Nowy Rok to także nowe pule urlopowe. Ci, którym dni urlopowych nie starcza na realizację podróżniczych planują już kolejne podróże. Dla rezygnujących z wypoczynku kosztem ciągłej pracy to kolejne 26 dni, które będą mogli sobie dopisać. Do kiedy trzeba wykorzystać zaległy urlop za 2023 r.?
Polacy to tak zapracowany naród, że w pierwszej kolejności powinniśmy ustalić czym jest urlop. W Unii Europejskiej więcej od nas pracują wyłącznie Grecy. No ale pokolenia ich ojców i dziadków mocno sobie folgowały. W Polsce zupełnie odwrotnie. Każde kolejne pokolenie przyzwyczajone jest do ciężkiej pracy. Jesteśmy narodem stachanowców, którzy dopiero uczą się odpoczywać. Zatem wracając, urlop wypoczynkowy to coroczna, nieprzerwana i płatna przerwa w wykonywaniu pracy. Pracownik nie może się zrzec prawa do urlopu wypoczynkowego.
Do kiedy należy wykorzystać zaległy urlop?
Co w sytuacji, gdy pracownik niechętnie chodzi na urlop, a przecież wyraźnie wskazano, że nie może zrzec się do niego prawa? Warto podkreślić, że zaległy urlop wypoczynkowy powinien zostać udzielony, a także wykorzystany do 30 września następnego roku kalendarzowego. Zatem urlop z 2023 r. możemy wykorzystać do końca września 2024 r.
Wynika to z literalnego brzmienia przepisów Kodeku pracy. Jak wynika z art. 168 Kodeksu pracy „urlopu niewykorzystanego w terminie ustalonym zgodnie z art. 163 należy pracownikowi udzielić najpóźniej do 30 września następnego roku kalendarzowego; nie dotyczy to części urlopu udzielanego zgodnie z art. 1672”.
Zaś Art. 1672 stanowi: „pracodawca jest obowiązany udzielić na żądanie pracownika i w terminie przez niego wskazanym nie więcej niż 4 dni urlopu w każdym roku kalendarzowym. Pracownik zgłasza żądanie udzielenia urlopu najpóźniej w dniu rozpoczęcia urlopu”.
Tym samym, w przypadku niewykorzystania urlopu przez pracownika w danym roku kalendarzowym, należy go udzielić najpóźniej do końca III kwartału następnego roku kalendarzowego. Urlopu zaległego należy udzielić pracownikowi w terminie do 30 września następnego roku kalendarzowego. Co istotne, powyższe nie dotyczy urlopu udzielanego „na żądanie” pracownika.

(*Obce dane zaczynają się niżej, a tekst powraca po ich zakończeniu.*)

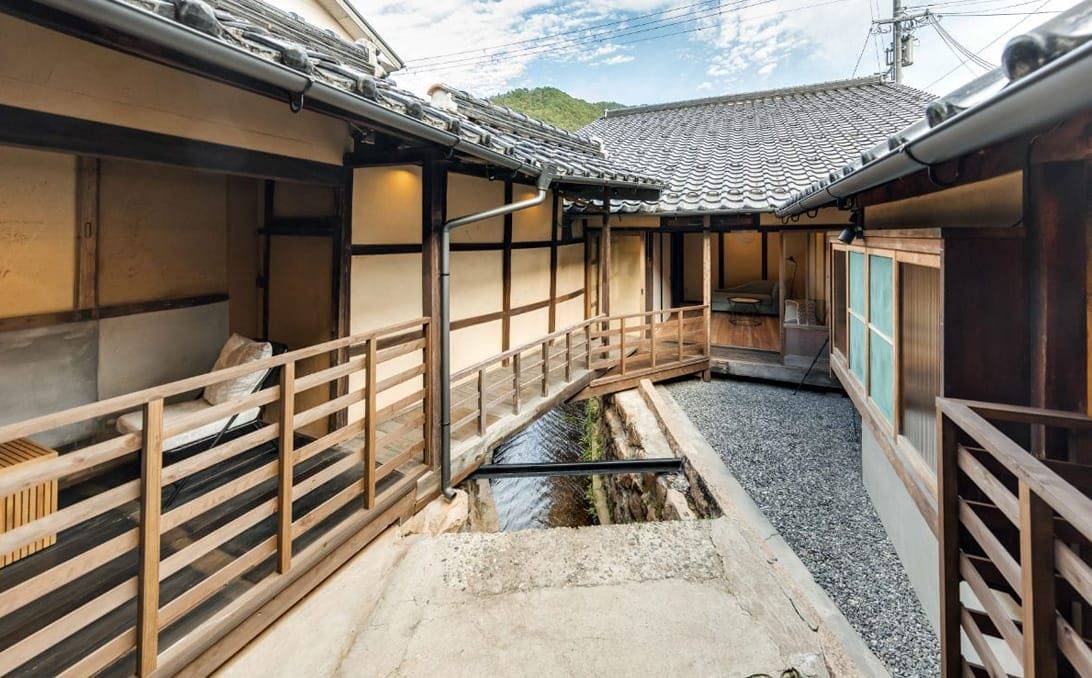 竹田城 城下町 HOTEL EN通往客房的木道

Urlop „na żądanie” z nowym rokiem traci swój wyjątkowy przymiot i ewoluuje w tzw. zwykły urlop.
Pracodawcy powinni pamiętać i liczyć się z konsekwencjami nieudzielenia przysługującego pracownikowi urlopu wypoczynkowego. Również bezpodstawne obniżenie jego wymiaru może prowadzić do poważnych konsekwencji dla pracodawcy. W niektórych przypadkach będzie to oznaczało grzywnę w wysokości do nawet 30.000,00 zł.

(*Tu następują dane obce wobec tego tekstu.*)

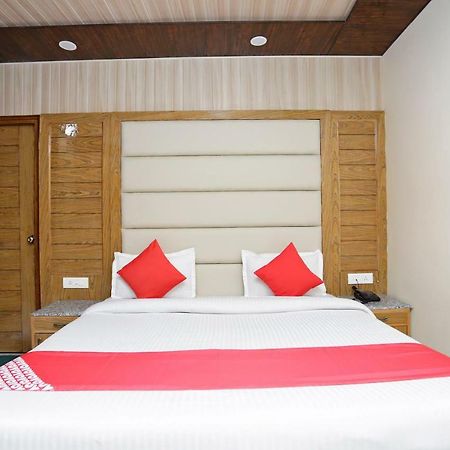 מוסורי Oyo 39066 Hotel Star View מראה חיצוני תמונה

Co pracodawca ma zrobić z pracownikiem, który opiera się przed pójściem na urlop? Dnia 30 września pracodawca nabywa prawo do jednostronnego wysłania pracownika na zaległy urlop wypoczynkowy. Po wysłaniu pracownika na urlop pracodawca ma możliwość nie wpuszczenia go na teren zakładu pracy. O tym powinni pamiętać zarówno pracodawcy, jak i wyjątkowo pracowici pracownicy.